Two problems surface with wild-horse sanctuary offer
RENO, NEV. — An offer from Madeleine Pickens to create a million-acre sanctuary for wild horses could cost the Bureau of Land Management (BLM) more than it presently pays for long-term holding facilities for horses removed from public lands, according to the veterinary representative on the National Wild Horse and Burro Advisory Board.
One of the problems with her proposal, says Boyd Spratling, DVM, of Starr Valley, Nev., is that Pickens is asking the government for a stipend of $500 per head, or roughly $15 million a year for 30,000 horses, to set up a nonprofit foundation to care for the horses.

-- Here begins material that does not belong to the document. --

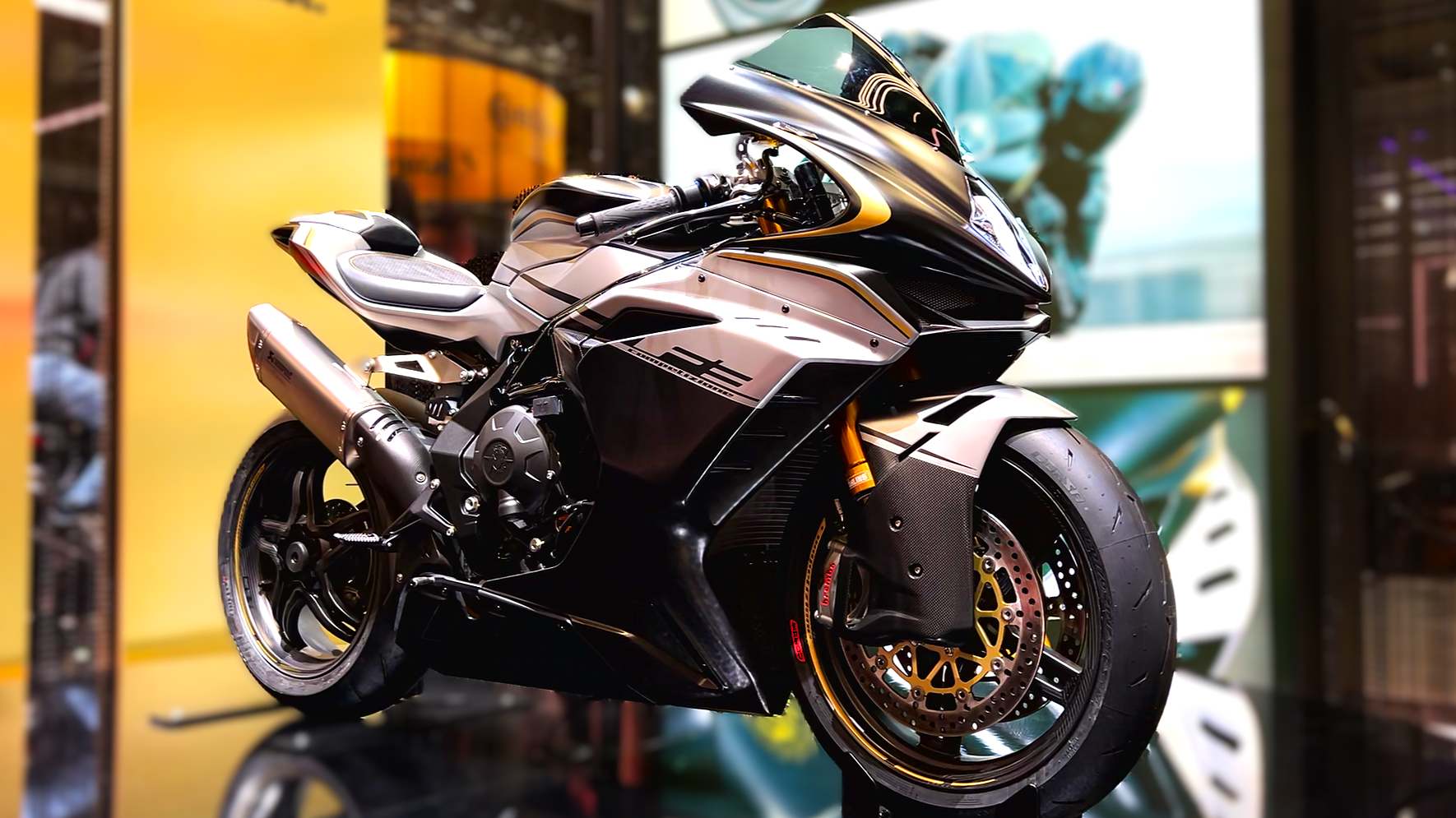 A superbike for Aristocratic Riders Only! - MV Agusta F3 RR Ottantesimo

"That's more than what the BLM already pays for wild horses in long-term care, mostly in Kansas and Oklahoma," says Spratling. The government pays landowners in those areas about $475 per head annually.The stipend wasn't mentioned when Pickens, wife of Texas oil billionaire T. Boone Pickens, first extended her offer, but more recently she said, "You've got to get some kind of break from the government."
She estimated her plan could save the government as much as $700 million that otherwise would be spent on long-term holding facilities.
The cost of keeping horses in those facilities is estimated at $10.3 million for 2009, and those in short-term holding (awaiting adoptions) at about $22.6 million this year.
There's a second problem with the offer, too, says Ron Wenker, the BLM state director in Nevada. It's that some federal land she would like to use for part of the sanctuary cannot be used for that purpose, under the 1971 Free Roaming Horses and Burro Act.
That law restricts horses to acreage where herds roamed in 1971. But newly introduced House Bill 1018, if approved, would amend that law and possibly expand eligible grazing lands. Despite the two issues, the BLM remains open to talks with Pickens, Wenker says.
"We tried to thank her politely," he told the advisory board at its March meeting in Reno.
Also at that meeting, proposals to limit growth of the horse population, such as managing gender ratios in herds, were discussed.
The nine-member advisory panel board reappointed Spratling and two other members to new three-year terms.